● Your task:
Line by line, return the listing exactly, without any of the images.

● Data segment:

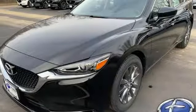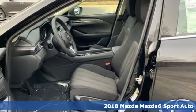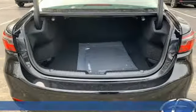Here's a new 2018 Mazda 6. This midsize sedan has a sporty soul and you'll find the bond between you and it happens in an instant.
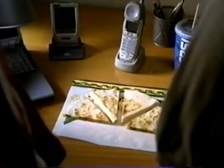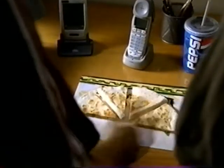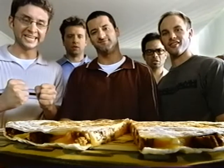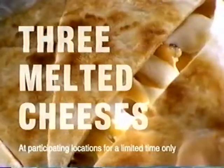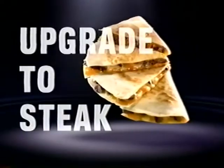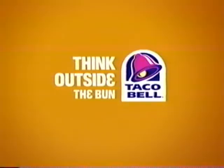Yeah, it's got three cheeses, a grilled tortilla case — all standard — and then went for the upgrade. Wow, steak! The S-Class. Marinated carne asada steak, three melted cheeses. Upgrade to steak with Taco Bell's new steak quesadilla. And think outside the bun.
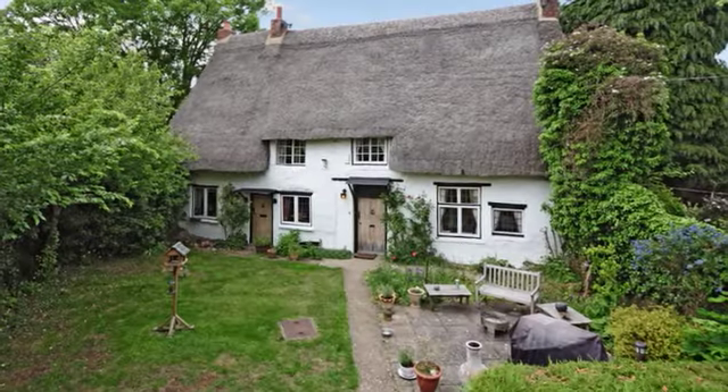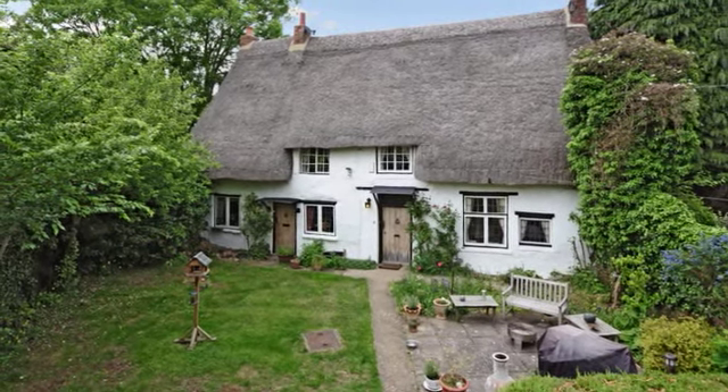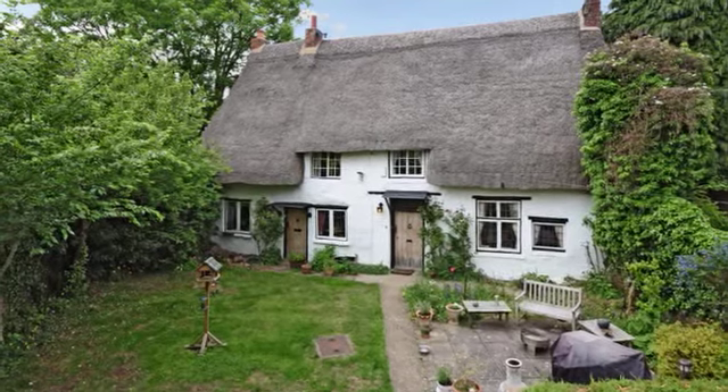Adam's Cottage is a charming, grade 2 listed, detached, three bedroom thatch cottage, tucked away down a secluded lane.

● Answer to this exercise:
Here's a new 2018 Mazda 6. This midsize sedan has a sporty soul and you'll find the bond between you and it happens in an instant.
Yeah, it's got three cheeses, a grilled tortilla case — all standard — and then went for the upgrade. Wow, steak! The S-Class. Marinated carne asada steak, three melted cheeses. Upgrade to steak with Taco Bell's new steak quesadilla. And think outside the bun.
Adam's Cottage is a charming, grade 2 listed, detached, three bedroom thatch cottage, tucked away down a secluded lane.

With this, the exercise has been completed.